3G spectrum will fill fast.

People just love pictures. Taking them and sending them will be very, very easy and very cheap and very fast.

Forget the video stuff or MP3 downloads on the fly. People will get their MP3 supply at home and load it into their phone or minidisk.

3G is going to be huge. A veritable tsunami. The 3G spectrum auctions will return huge riches to the service providers and of course QUALCOMM via ASICs, royalties and stuff.

NTT seems to have got themselves in a corner. AT&T is up the creek without a paddle.

Mqurice

Dow 16,000 Feb 2002 [not long to go now...markets better turn soon...]



To: foundation who wrote (4896)11/23/2000 8:51:17 AM
From: foundation  Respond to of 197007
 
Parsing NTT's statements...

"DoCoMo, which is testing 3G technology, is finding that it is unsuitable for carrying large video or sound clips, one of the services that could provide new revenue streams for mobile operators... Sustained bursts of multimedia data consume large amounts of the radio spectrum and DoCoMo says it will be too costly to download large files, such as pop videos, to handsets."

The ramifications of Enoki's statements go well beyond streaming video and music.

wCDMA, being spectrally inefficient and dogmatically insistent on mixing voice and data, will be incapable of economically transferring high data bandwidth.

If streaming video and music is problematic with only a few users, internet access, rife with images, will be problematic with a few more.

NTT is clearly stating that, with wCDMA, mobile wireless access that transcends present 2G perceptions is not possible.

Contrast this vision with HDR (1xEV), designed from the ground up with high data transmission precisely in mind.

3G - and HDR (1xEV) - is fundamentally about data. According to NTT's statements, wCDMA has proven itself incapable.

How will the world generally, and Europe specifically, respond?

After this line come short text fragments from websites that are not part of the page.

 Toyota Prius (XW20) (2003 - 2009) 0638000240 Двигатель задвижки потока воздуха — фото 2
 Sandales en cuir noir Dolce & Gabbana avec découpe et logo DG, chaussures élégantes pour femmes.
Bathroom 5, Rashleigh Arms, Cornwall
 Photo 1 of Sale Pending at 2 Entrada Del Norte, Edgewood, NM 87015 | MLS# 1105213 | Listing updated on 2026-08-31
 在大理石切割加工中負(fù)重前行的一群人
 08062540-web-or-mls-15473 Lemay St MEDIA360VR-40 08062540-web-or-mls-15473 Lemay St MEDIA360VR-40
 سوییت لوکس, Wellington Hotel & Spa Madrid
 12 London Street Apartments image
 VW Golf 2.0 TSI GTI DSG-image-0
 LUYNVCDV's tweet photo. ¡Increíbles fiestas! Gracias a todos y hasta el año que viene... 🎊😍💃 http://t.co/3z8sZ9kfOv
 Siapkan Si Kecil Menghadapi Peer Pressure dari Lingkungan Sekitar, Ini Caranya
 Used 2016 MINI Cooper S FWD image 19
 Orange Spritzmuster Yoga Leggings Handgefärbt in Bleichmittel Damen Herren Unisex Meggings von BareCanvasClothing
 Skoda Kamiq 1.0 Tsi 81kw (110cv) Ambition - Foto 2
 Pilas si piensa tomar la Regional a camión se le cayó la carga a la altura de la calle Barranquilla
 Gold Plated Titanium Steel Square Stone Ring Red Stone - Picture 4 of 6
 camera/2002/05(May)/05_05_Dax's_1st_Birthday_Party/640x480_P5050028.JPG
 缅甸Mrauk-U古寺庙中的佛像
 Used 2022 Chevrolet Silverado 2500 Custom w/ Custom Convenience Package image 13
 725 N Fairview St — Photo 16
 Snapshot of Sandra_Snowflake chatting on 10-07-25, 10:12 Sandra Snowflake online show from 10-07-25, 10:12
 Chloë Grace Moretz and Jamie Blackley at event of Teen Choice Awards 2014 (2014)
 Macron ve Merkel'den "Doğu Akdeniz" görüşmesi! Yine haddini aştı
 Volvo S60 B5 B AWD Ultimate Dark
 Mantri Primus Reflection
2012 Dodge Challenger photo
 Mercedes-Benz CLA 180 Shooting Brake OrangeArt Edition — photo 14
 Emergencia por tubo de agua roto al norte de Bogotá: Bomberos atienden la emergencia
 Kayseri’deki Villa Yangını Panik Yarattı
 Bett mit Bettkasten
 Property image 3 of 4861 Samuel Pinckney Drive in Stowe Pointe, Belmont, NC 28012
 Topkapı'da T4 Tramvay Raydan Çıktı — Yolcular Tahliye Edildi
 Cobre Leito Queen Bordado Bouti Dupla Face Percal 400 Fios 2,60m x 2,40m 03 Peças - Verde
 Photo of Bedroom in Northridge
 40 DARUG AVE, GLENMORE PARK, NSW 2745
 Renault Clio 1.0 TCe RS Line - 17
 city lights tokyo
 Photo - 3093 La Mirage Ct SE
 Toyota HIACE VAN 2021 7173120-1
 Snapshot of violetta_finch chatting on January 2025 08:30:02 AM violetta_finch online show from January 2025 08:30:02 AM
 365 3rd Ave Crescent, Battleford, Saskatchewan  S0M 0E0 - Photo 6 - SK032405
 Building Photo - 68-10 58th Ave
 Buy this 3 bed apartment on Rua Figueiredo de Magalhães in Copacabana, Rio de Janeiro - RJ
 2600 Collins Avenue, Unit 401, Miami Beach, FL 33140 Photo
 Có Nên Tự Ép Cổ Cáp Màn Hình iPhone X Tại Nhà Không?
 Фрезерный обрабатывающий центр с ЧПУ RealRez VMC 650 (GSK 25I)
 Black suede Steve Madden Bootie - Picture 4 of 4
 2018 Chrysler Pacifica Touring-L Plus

Vendors with vested wCDMA interests will:
* attempt to redefine 3G
* claim that all technologies share wCDMA's limitations

European Operators will:
* reexamine 3G spectrum purchases.
* reexamine their commitment to UMTS wCDMA.
* evaluate 1xEV options, while filtering anti-1xEV FUD through the prism of Vendors' past wCDMA distortions.
* evaluate 1xEV trials - like Verizon's beginning this Spring. Parent Vodafone will no doubt be interested in results.

We have a new ball game...



To: foundation who wrote (4896)11/23/2000 8:54:56 AM
From: gdichaz  Read Replies (1) | Respond to of 197007
 
Ben: You have cited the authors but I did not see where this was written - the publication.

Do you have a link or reference?

In your judgement will 1xEV-DO which is now approved as a standard have any real impact or must the world wait for the scheduled approval of 1xEV-DV next June and thereafter?

Must the HDR data access availability wait for the combination of voice and data which 1xEV-DV represents or is any meaningful substantial use of 1xEV-DO possible alongside 1X itself?

Seems like 1xEV is the answer to the "problems" which NTT is discussing.

Since you follow all this closely, would very much appreciate your informed view.

Best.

Chaz



To: foundation who wrote (4896)11/23/2000 10:41:27 AM
From: voop  Respond to of 197007
 
Ben

I like how he disses European operators

Third-generation mobile networks may not provide the
revenue growth many European telecoms companies
are counting on, according to NTT DoCoMo, the
Japanese phone operator that pioneered mobile internet
access
,

but is careful (?) not to lump good guy CDMA into their malaise.